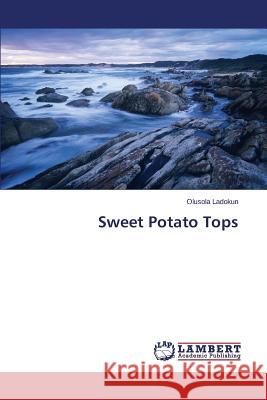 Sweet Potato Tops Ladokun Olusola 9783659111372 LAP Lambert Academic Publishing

====================

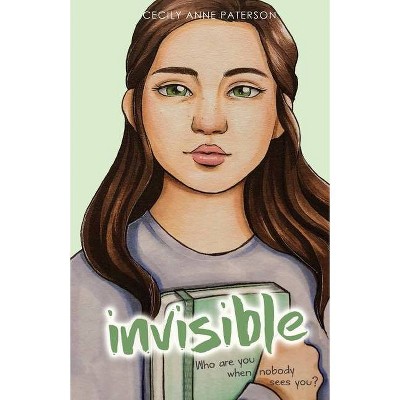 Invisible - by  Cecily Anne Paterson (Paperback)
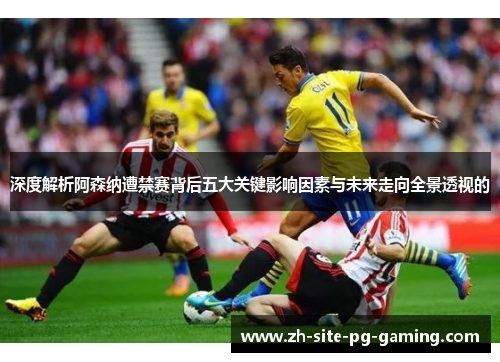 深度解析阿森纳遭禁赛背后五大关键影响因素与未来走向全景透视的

====================

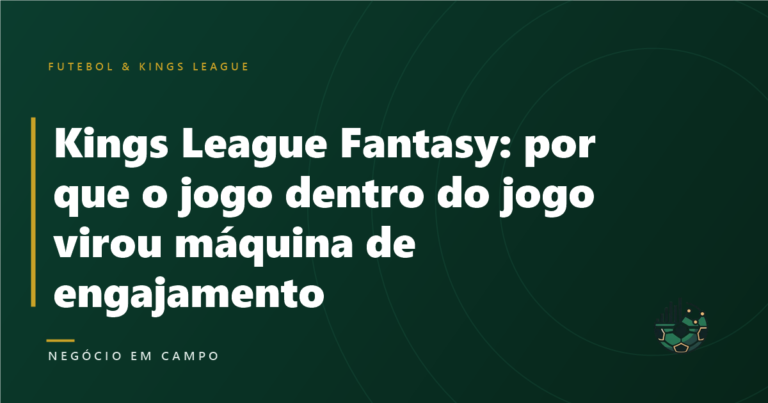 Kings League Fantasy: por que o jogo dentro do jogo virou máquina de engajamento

====================

**WHAT YOU NEED TO DO**
Print nothing but the lines above starting with the line that contains "Invisible - by" and going on through the line that contains "深度解析阿森纳遭禁赛背后五大关键影响因素与未来走向全景透视的". Leave out the pictures.

**WRITTEN SOLUTION**
 Invisible - by  Cecily Anne Paterson (Paperback)
 深度解析阿森纳遭禁赛背后五大关键影响因素与未来走向全景透视的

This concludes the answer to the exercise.